If [00:56:00] Mike is doing y, he needs to reverify himself every six months. And there has to be a delineation there. It's not so simple as like having some sort of structured ontology of their data, or maybe it is at least technology for that isn't there yet. But it could be done probably at a platform level.

Yeah. I wouldn't say, um, inside for any unstructured data could, could that be possible? But um, yeah, every single, so often I have to reverify Mike, which means Mike has to take off his glasses and stand in the biometric scanner again, say his voice, show his ID every hour to continue to use this platform.

Um, maybe that's, maybe that's a possibility. 

Mike Crispin: Have you, have you heard the term zero knowledge proofs before? 

Nate McBride: No. 

Mike Crispin: It's like, uh, you know, when I was looking up this with the, the, the [00:57:00] app that I'm working on, it came up and it's, it's this mindset of, or this, not mindset, but this, this, this theory that, or capability that we could use.

It's a mechanism which someone could prove something about themselves without actually, without actually saying, saying what the thing is. Proving they were over 18, but not revealing their age. Right. Or proving, um, what was it called again? Zero What? Uh, zero proof. Uh, zero knowledge proof. Like, kind of like, um, you know, like, uh, zk 

Nate McBride: pre, a pre verified verification that you can bring with you 

Mike Crispin: Yes.

You know, to, to prove a specific fact about yourself, you know, without revealing the actual [00:58:00] date, the actual name, but to be able to verify it. These are supposedly the software that's that, that people are working on to think about how to do this. Wow. Um, and that I never heard of that 

Nate McBride: before. It's um, it sounds though like a lot of ways, like some, it's a chicken or the egg scenario, somewhere along the lines.

You have to verify yourself to somebody. Someone, it's same thing with, same thing with, with a sort of defi model. Somewhere along the lines. Somebody somewhere has to know who you are. You can't go from start to finish without the beginning person knowing who you are. Like, there's no such thing as, I think true defi because you have to put money in and take money out.

Yep. It has to go to somewhere. It's a fiat event. Um, the same thing happens with, with this idea, but I wrote it down. I'm gonna invest. 

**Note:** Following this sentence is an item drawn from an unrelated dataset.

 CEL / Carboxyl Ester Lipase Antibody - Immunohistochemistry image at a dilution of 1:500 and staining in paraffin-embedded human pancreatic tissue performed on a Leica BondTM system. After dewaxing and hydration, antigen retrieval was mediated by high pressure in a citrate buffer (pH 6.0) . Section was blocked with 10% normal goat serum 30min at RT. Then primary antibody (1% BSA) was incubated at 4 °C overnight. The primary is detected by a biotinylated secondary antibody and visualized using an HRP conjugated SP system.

Mike Crispin: I, I'm curious, I'm really curious about this because it seems like the, the, the, [00:59:00] the problem that we're, the paradox piece we're trying to solve is, is related to this area, this ZZZ kps.

But it could be, 

Nate McBride: yeah, it could be just theoretical at this point. I don't know. Yeah. I mean, I'll see if there's any research papers in archive.org later, but if it's simply, what if it was a possibility? Uh, nothing can be spontaneously generated. So it would have to come from a source to prove that you are in fact, say 21.

Um, now again, maybe one time, and this entitles you, the titles you with a certificate, which you can then carry forward. It says I'm over 21. Um, but somebody, somewhere, somebody knows no such thing as true. This 

Mike Crispin: is, this is a real, this is a real thing according to Gartner. I just looked. 

Nate McBride: Oh, well, I mean, shit, Mike, it must, 

Mike Crispin: it must be real Gardner.

I bet you I wouldn't said something funny. I just saw, they just saw Gardner says, I, it just popped up. I was just [01:00:00] searching online for it here. Just, uh, and, uh, yeah, so funny, the nexus of forces. It must be real. It must be Maybe, maybe they created this, uh, this graphic or whatever. Oh my God. Oh man. 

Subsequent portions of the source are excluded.